Friday, July 26, 2013


Erin Gruwell
Crown Publishing
320 pp.
Publication Date: 2006

Straight from the front line of urban America, the inspiring story of one fiercely determined teacher and her remarkable students. 
As an idealistic twenty-three-year-old English teacher at Wilson High School in Long beach, California, Erin Gruwell confronted a room of “unteachable, at-risk” students. One day she intercepted a note with an ugly racial caricature, and angrily declared that this was precisely the sort of thing that led to the Holocaust—only to be met by uncomprehending looks. So she and her students, using the treasured books Anne Frank: The Diary of a Young Girl and Zlata’s Diary: A Child’s Life in Sarajevo as their guides, undertook a life-changing, eye-opening, spirit-raising odyssey against intolerance and misunderstanding. They learned to see the parallels in these books to their own lives, recording their thoughts and feelings in diaries and dubbing themselves the “Freedom Writers” in homage to the civil rights activists “The Freedom Riders.”
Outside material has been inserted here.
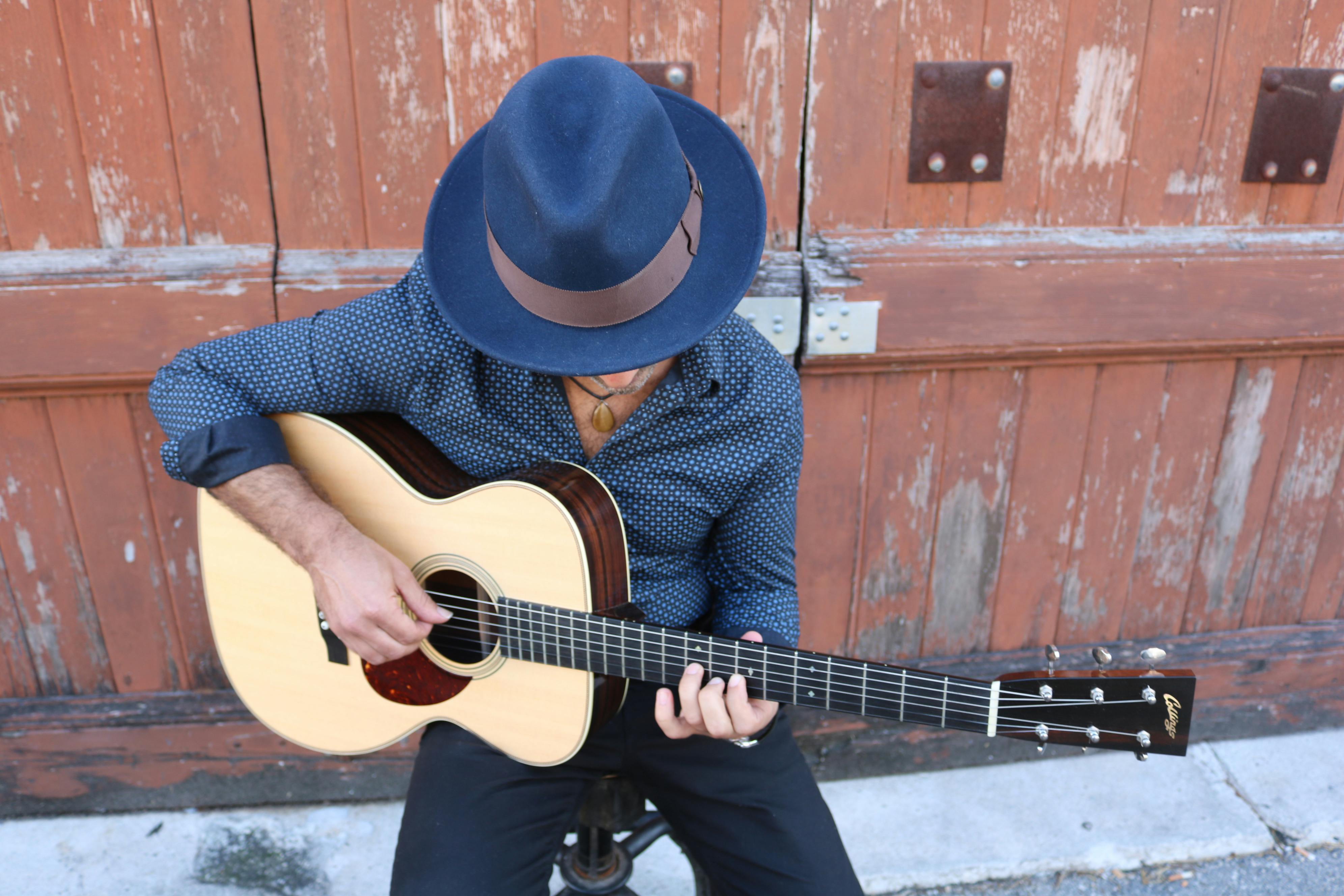 Top view of a musician playing an acoustic guitar with a rustic backdrop.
With funds raised by a “Read-a-thon for Tolerance,” they arranged for Miep Gies, the courageous Dutch woman who sheltered the Frank family, to visit them in California, where she declared that Erin Gruwell’s students were “the real heroes.” Their efforts have paid off spectacularly, both in terms of recognition—appearances on “Prime Time Live” and “All Things Considered,” coverage in People magazine, a meeting with U.S. Secretary of Education Richard Riley—and educationally. All 150 Freedom Writers have graduated from high school and are now attending college.
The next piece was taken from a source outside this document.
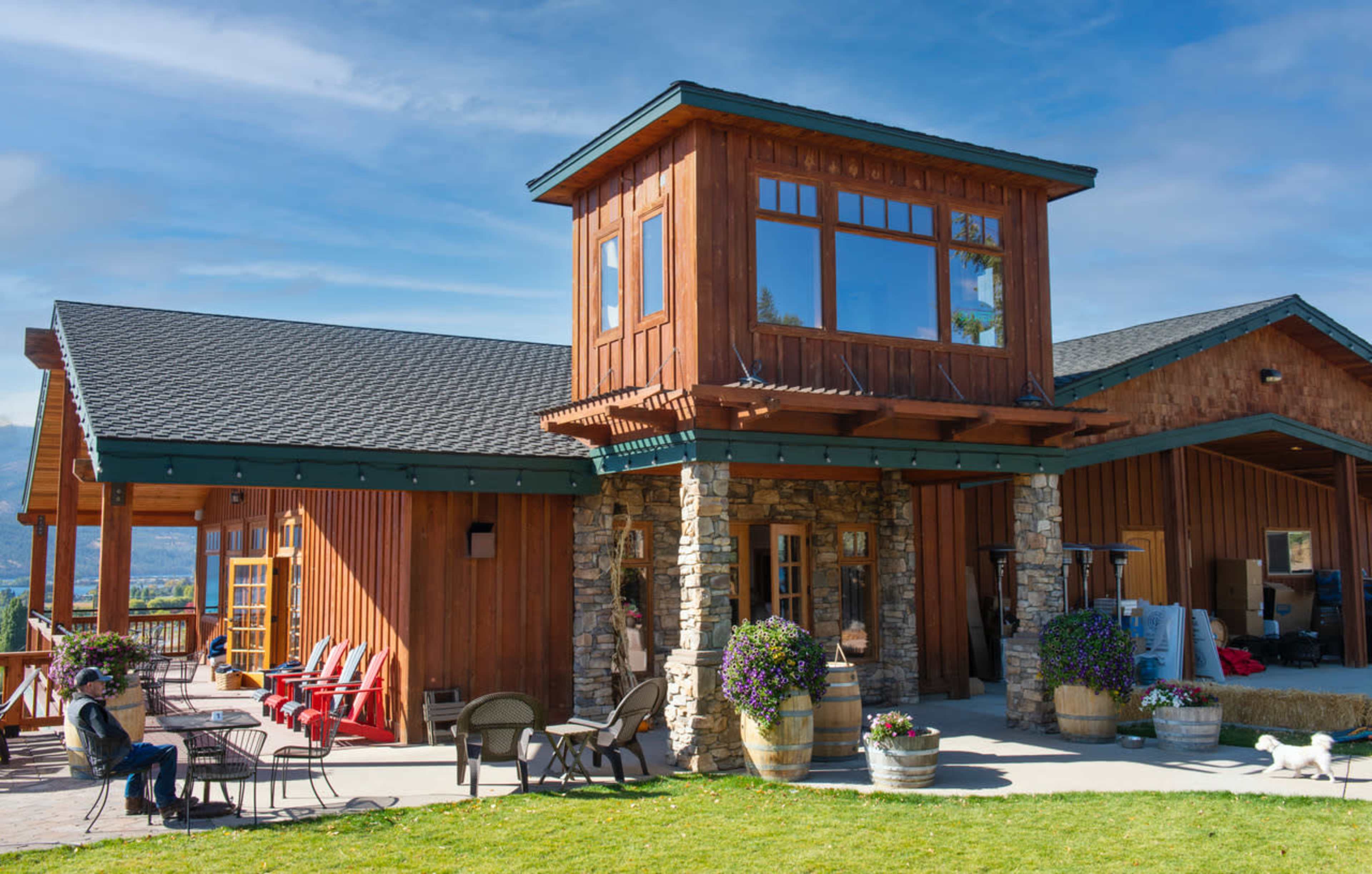A wooden building with large windows and a stone base, surrounded by outdoor seating and planters on a grassy lawn.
With powerful entries from the students’ own diaries and a narrative text by Erin Gruwell, The Freedom Writers Diary is an uplifting, unforgettable example of how hard work, courage, and the spirit of determination changed the lives of a teacher and her students.


The Freedom Writers Diary was made into a movie a few years ago starring Hillary Swank as Erin Gruwell. I have never seen it. I picked up this book on the recommendation of my mom, and finally read it because it is assigned for my summer school class. This is a powerful book with the potential to change lives for the better. A compilation of about 140 anonymous diary entries written by students from Wilson High in Long Beach, CA this book chronicles the amazing transformation of a group of low-achieving teens from gang-infested neighborhoods to high school grads and kids that took it upon themselves to change their own lives and the lives of others.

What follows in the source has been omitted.